#### [THE DATA]
▬▬▬▬▬▬▬▬▬▬

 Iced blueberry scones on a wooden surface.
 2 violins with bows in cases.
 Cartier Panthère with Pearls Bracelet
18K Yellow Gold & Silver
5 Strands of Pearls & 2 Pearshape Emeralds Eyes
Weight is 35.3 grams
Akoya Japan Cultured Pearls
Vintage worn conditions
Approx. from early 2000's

▬▬▬▬▬▬▬▬▬▬

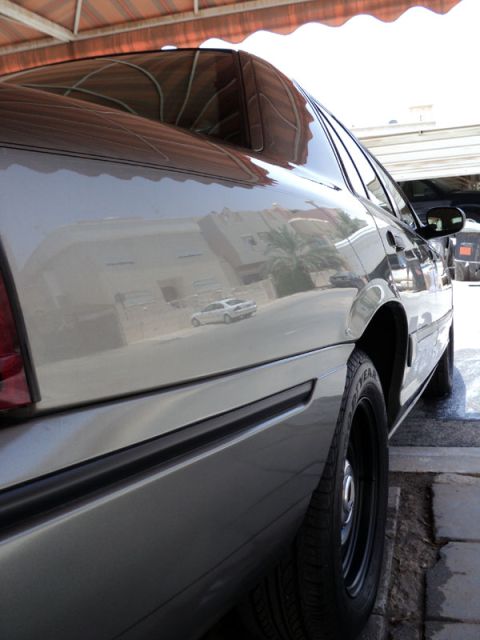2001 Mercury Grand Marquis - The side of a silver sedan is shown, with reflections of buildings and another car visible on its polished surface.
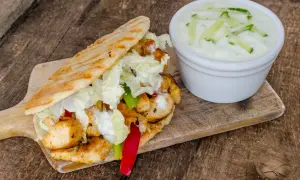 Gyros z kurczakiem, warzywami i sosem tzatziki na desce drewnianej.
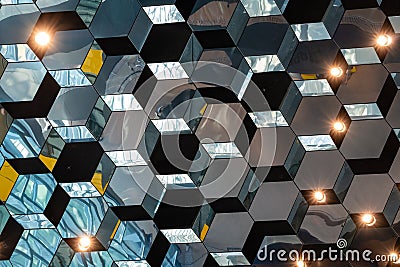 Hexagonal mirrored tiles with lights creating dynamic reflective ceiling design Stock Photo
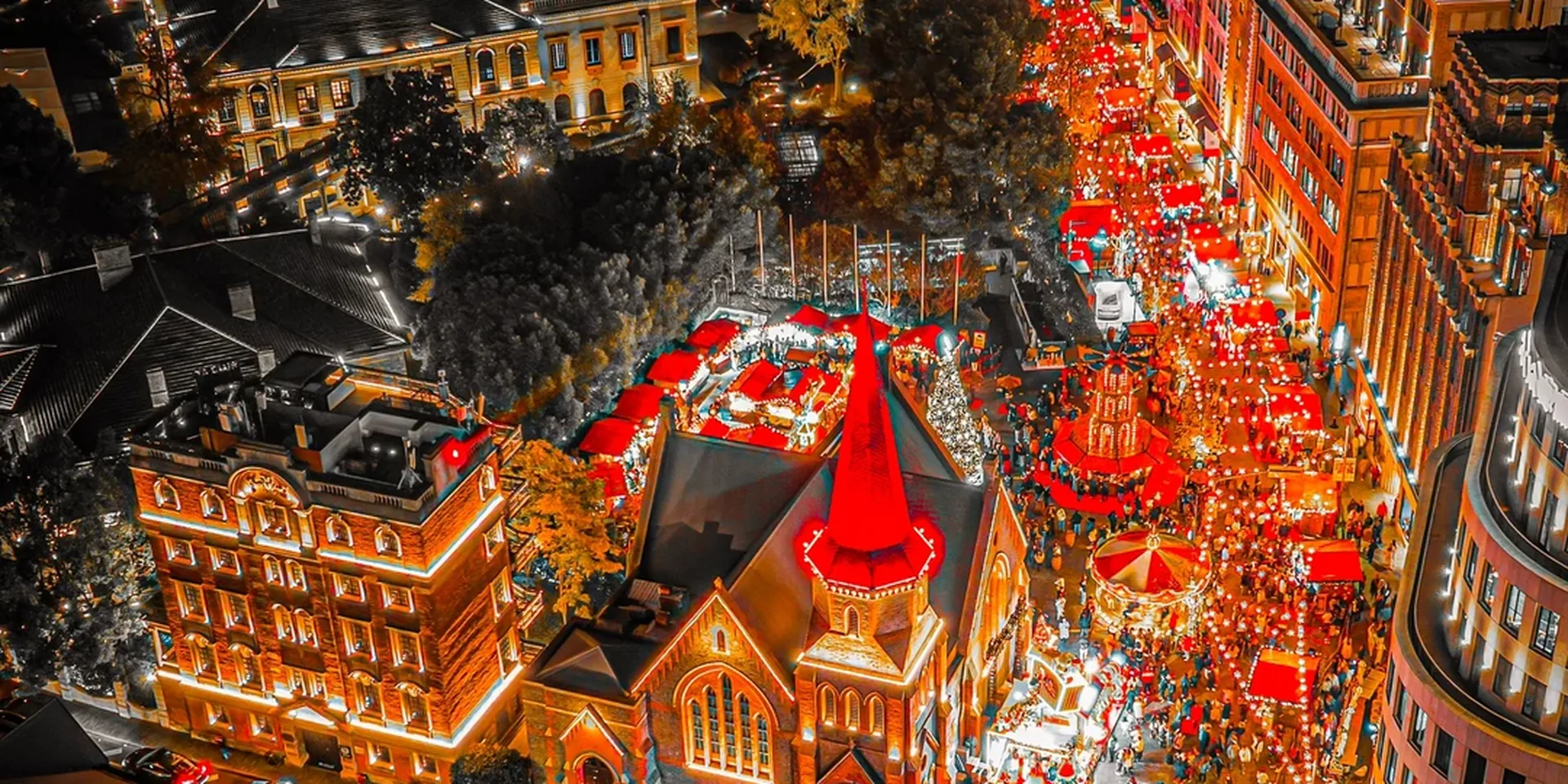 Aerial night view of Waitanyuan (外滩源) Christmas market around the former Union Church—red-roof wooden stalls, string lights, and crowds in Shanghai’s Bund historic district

▬▬▬▬▬▬▬▬▬▬

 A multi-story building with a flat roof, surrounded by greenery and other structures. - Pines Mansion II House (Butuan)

▬▬▬▬▬▬▬▬▬▬

#### [PROBLEM STATEMENT]
Retype exactly the span of lines from the one with "Vintage worn conditions" through the one with "Approx. from early 2000's"; include both ends and omit the rest of the material.

#### [RESPONSE]
Vintage worn conditions
Approx. from early 2000's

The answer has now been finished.